Republicans will bend over backwards in an effort to convince Latinos that their proposal will work out just fine for everyone. Latinos, however, aren't stupid. They know that being denied any path to citizenship equals an effort to minimize their voice on the national political stage. Which is why, as I said, Obama holds all the cards in this fight. Because this is the one issue in his agenda which Republicans also have a big vested interest in making happen. Obama and the Democrats will, I believe, hold firm on their insistence on a path to citizenship, and I think a comprehensive immigration bill will likely pass some time this year, perhaps before the summer congressional break. The path to citizenship it includes will be long, expensive, and difficult (Republicans will insist on at least that), but it will be there.

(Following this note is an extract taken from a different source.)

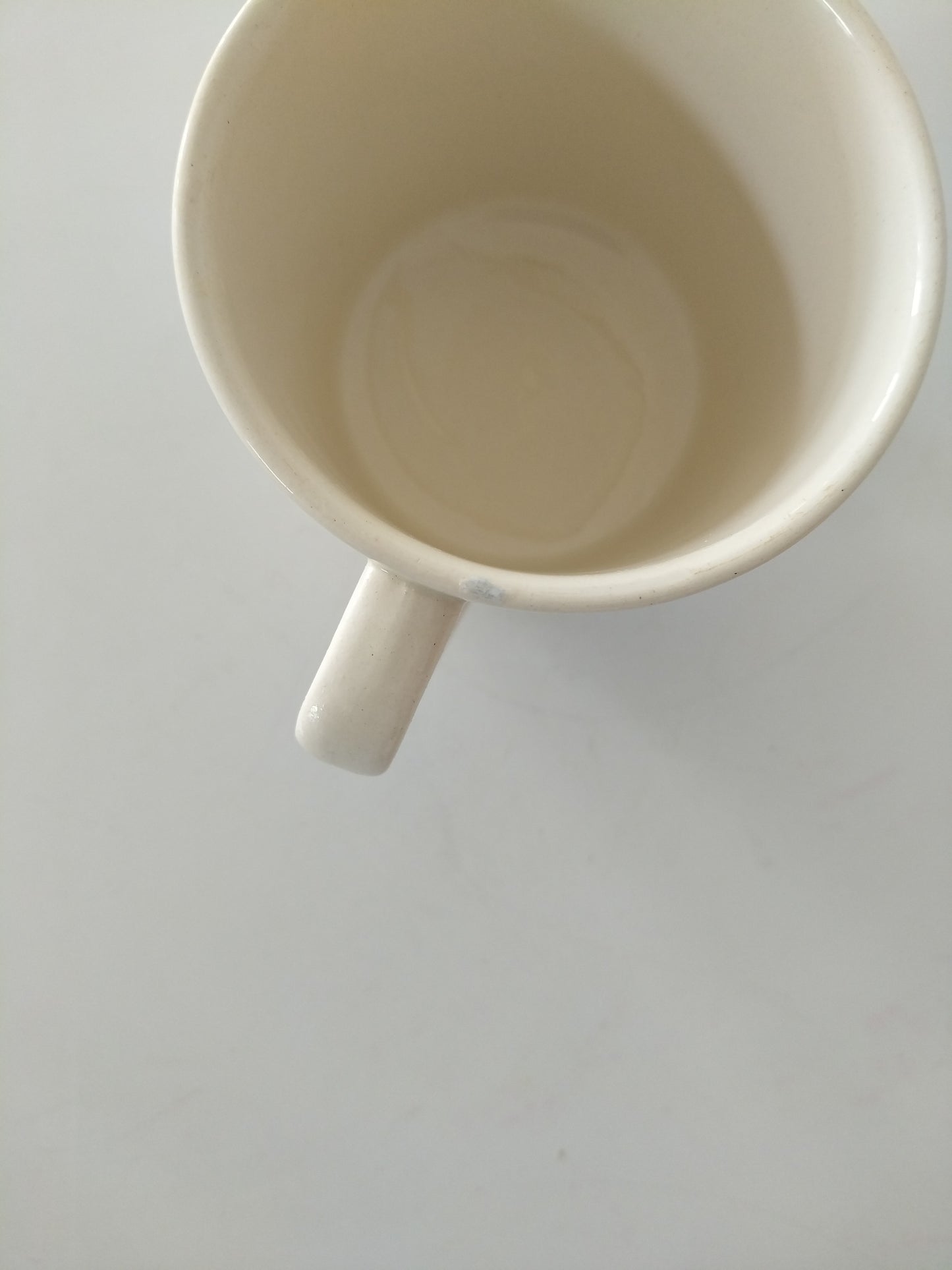 Tisanière en porcelaine Waechtersbach West Germany - cetaitmieuxavant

On gun control, I think Obama will win a partial victory. On immigration, I think he will win an almost-total victory. On global warming, however, he's going to be disappointed. In fact, I doubt -- no matter how much "bully pulpiting" Obama does -- that any bill will even appear out of a committee in either house of Congress. This will be seen as Obama's "overreach" -- a bridge too far for the current political climate. Anyone expecting big legislative action on global warming is very likely going to be massively disappointed, to put it quite bluntly. In fact, Obama will signal this in the next few months, as he approves the Keystone XL pipeline -- much to the dismay of a lot of his supporters.
Of course, I could be wrong about any or all of these predictions. I have no special knowledge of how things will work out in Congress in the immediate future. I'm merely making educated guesses about what Obama will be able to achieve in at least the first few years of his second term. Obama has a lot of political capital right now, but that could easily change soon. The House Republicans seem almost demoralized right now, and Obama has successfully splintered them and called their bluff on two big issues already -- but they could regroup and decide to block everything the White House wants, and damn the political consequences. Unseen issues will pop up both on the domestic and foreign policy stages, as they always do. But, for now, this is my take on how the next few years are going to play out in Washington. Time will tell whether I've been too optimistic or too pessimistic on any or all of Obama's main agenda items. We'll just have to wait and see.